Amid China's push for domestic AI chip development, major firms like Tencent are seeking to sidestep US export controls by using a rental model that provides access to Nvidia's high-end GPUs.
According to the Financial Times, a key player in this workaround is Japanese neocloud service provider Datasection, which has reportedly signed rental contracts worth over $1.2 billion with Tencent.

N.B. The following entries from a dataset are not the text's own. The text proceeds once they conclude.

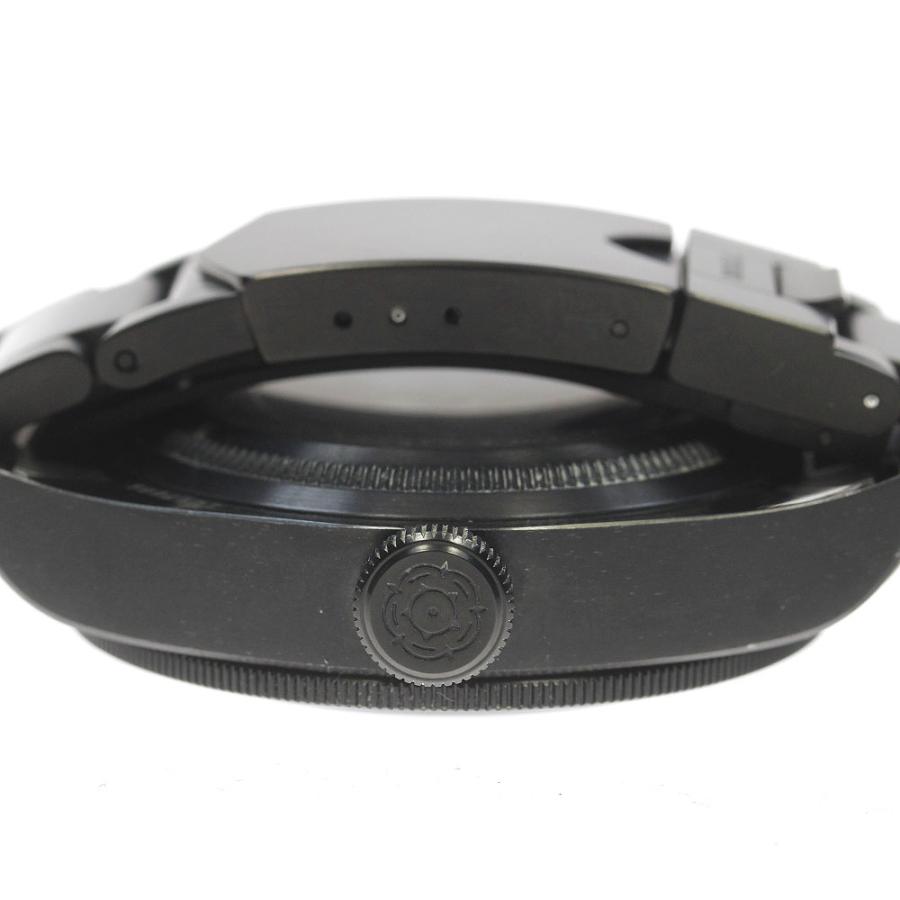 TUDOR チュードル 79230DK ヘリテージ ブラックベイ ダーク 自動巻き  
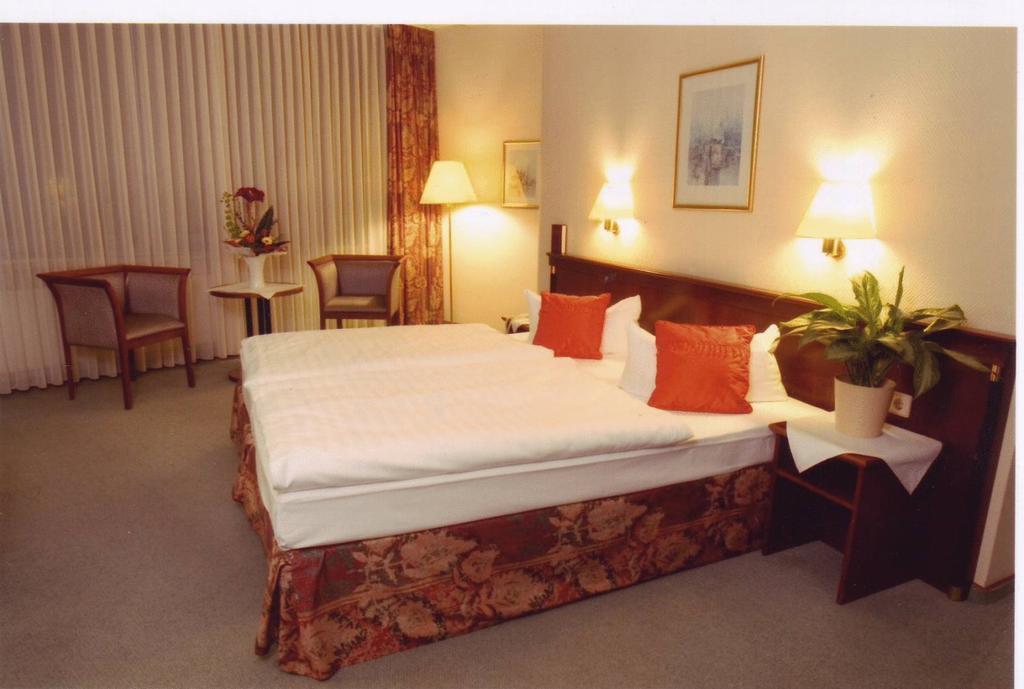 Comfort Hotel Weissensee 柏林 客房 照片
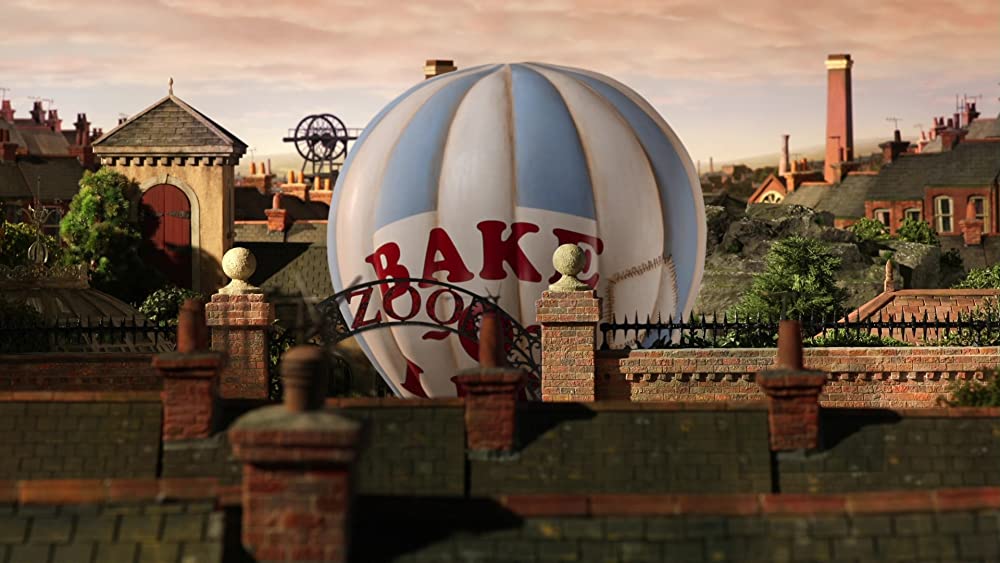 ウォレスとグルミット／ベーカリー街の悪夢の画像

These contracts grant access to Nvidia B200 AI chips.
Datasection is said to have secured a significant portion of the 15,000 Blackwell processors that Nvidia has made available, positioning the rental model as a critical lifeline for Chinese companies that crave cutting-edge AI technology.
Though the chips are technically unavailable for direct export to China due to US restrictions, the rental setup bypasses that barrier, providing Chinese firms like Tencent with the computational power they need to train sophisticated AI models.
The strategy has become so popular that analysts believe it could soon become the default method for Chinese firms to access top-tier Nvidia hardware.
Even when Nvidia's H200 chips eventually become available to the Chinese market, the Blackwell B200 and B300 AI chips outperform them by a notable margin, keeping China’s AI giants ahead of the game, even under Washington’s restrictions.
With rental compute models now entrenched, Beijing is finding ways to stay plugged into the latest American tech, despite the ongoing geopolitical tensions.